Problem statement: Output only the lines below from the one holding "Geasure Customizable TLIF" down to the one holding "Mujer con una picada de mosquito", both end lines included and every picture dropped.

Information shown:
· · · · · · ·

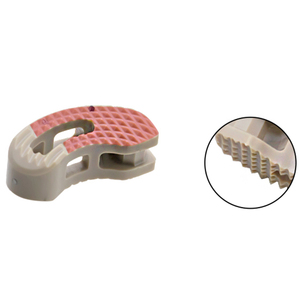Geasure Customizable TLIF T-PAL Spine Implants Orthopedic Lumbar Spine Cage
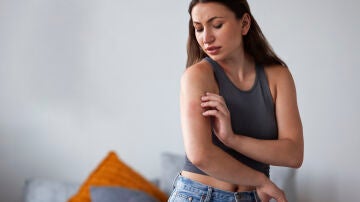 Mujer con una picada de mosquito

· · · · · · ·

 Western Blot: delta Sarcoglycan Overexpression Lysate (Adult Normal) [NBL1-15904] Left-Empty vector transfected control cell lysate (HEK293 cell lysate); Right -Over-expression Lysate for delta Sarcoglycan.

· · · · · · ·

Written answer:
Geasure Customizable TLIF T-PAL Spine Implants Orthopedic Lumbar Spine Cage
 Mujer con una picada de mosquito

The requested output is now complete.